## Study material
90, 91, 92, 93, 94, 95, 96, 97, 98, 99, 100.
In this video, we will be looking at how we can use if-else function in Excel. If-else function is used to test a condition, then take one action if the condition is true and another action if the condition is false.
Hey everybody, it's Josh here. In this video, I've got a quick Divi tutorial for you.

* * *

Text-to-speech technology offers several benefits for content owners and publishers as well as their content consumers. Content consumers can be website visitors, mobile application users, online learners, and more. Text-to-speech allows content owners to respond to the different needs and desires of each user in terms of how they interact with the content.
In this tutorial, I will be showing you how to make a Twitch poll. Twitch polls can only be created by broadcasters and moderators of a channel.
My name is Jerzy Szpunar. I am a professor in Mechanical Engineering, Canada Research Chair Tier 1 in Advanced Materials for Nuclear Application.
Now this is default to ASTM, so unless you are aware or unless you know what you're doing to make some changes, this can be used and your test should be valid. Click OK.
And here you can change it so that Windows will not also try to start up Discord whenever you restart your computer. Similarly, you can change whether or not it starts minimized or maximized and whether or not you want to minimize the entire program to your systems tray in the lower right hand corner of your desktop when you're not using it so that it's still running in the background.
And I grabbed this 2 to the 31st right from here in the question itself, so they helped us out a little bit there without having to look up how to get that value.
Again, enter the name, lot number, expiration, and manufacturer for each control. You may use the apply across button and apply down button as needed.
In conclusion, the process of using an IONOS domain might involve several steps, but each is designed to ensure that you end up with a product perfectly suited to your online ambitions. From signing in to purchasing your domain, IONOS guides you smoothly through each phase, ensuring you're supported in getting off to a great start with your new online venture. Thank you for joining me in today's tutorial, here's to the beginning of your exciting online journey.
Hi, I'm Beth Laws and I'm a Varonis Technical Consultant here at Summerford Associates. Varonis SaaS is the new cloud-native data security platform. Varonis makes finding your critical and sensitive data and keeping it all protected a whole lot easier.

--

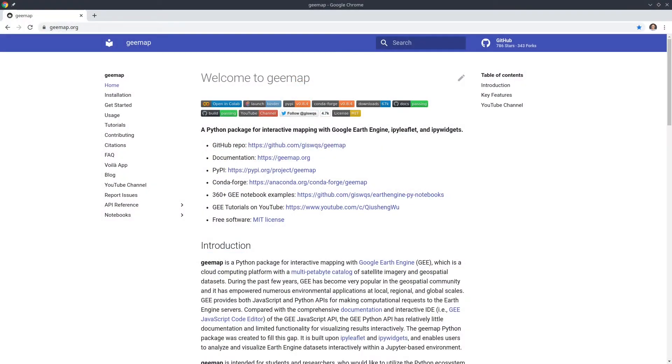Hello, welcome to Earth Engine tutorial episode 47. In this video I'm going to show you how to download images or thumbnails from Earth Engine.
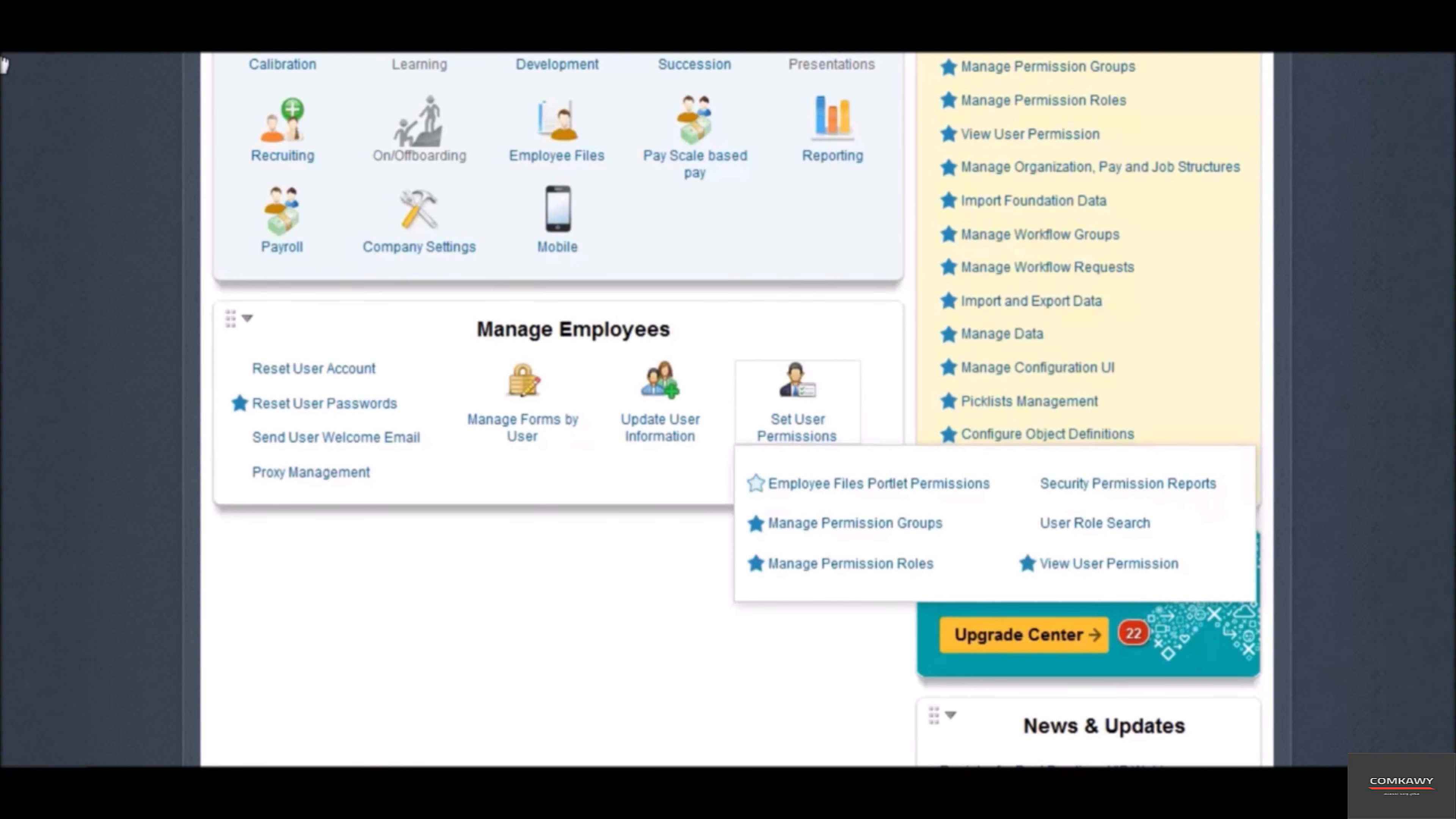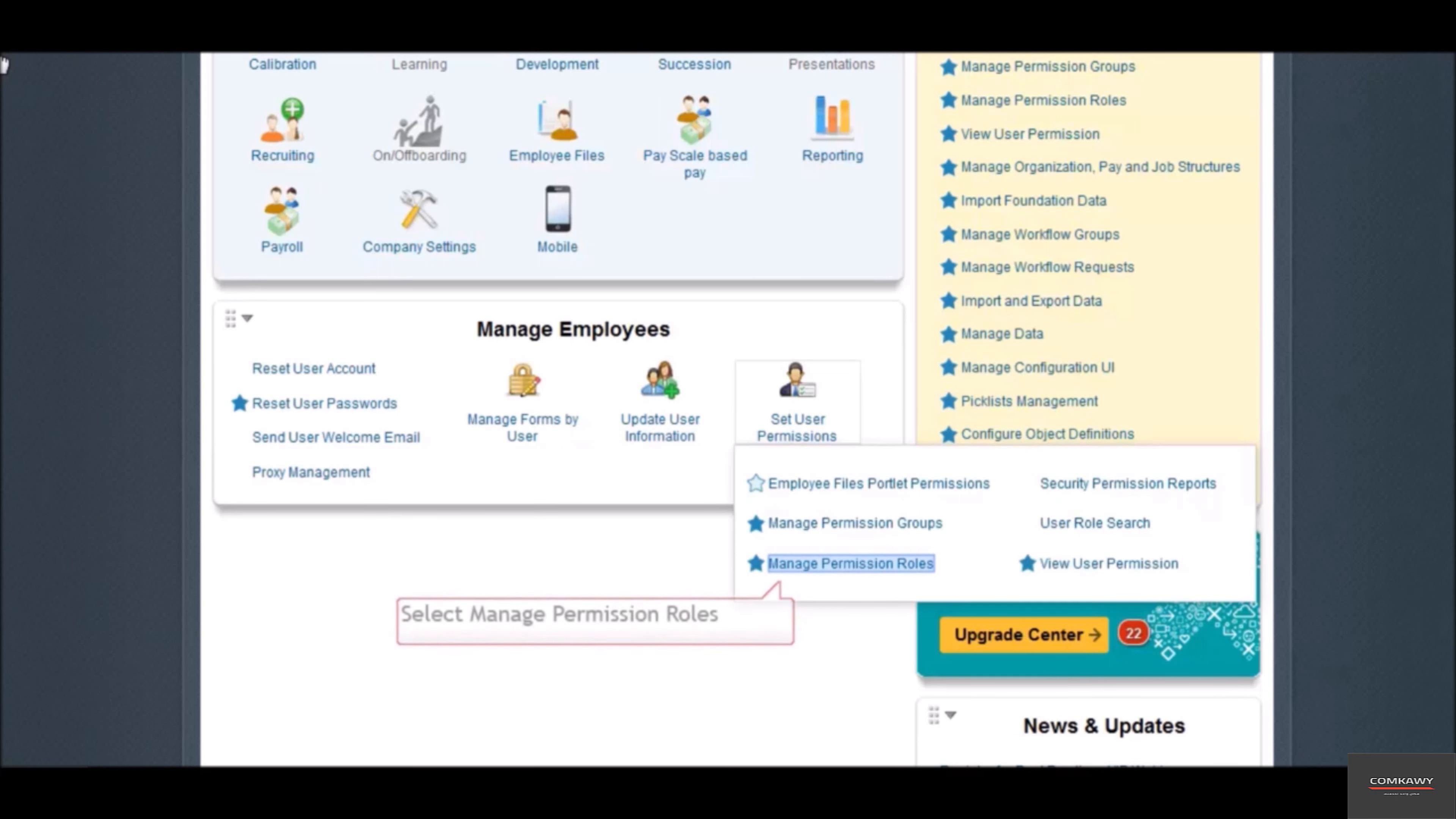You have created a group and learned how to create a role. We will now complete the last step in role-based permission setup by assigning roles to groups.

## The problem
Give back, exactly as written, the stretch from the line with "90, 91, 92, 93, 94, 95, 96, 97, 98, 99, 100." through the line with "Hey everybody, it's", and no other lines from the records above.

## Finished exercise
90, 91, 92, 93, 94, 95, 96, 97, 98, 99, 100.
In this video, we will be looking at how we can use if-else function in Excel. If-else function is used to test a condition, then take one action if the condition is true and another action if the condition is false.
Hey everybody, it's Josh here. In this video, I've got a quick Divi tutorial for you.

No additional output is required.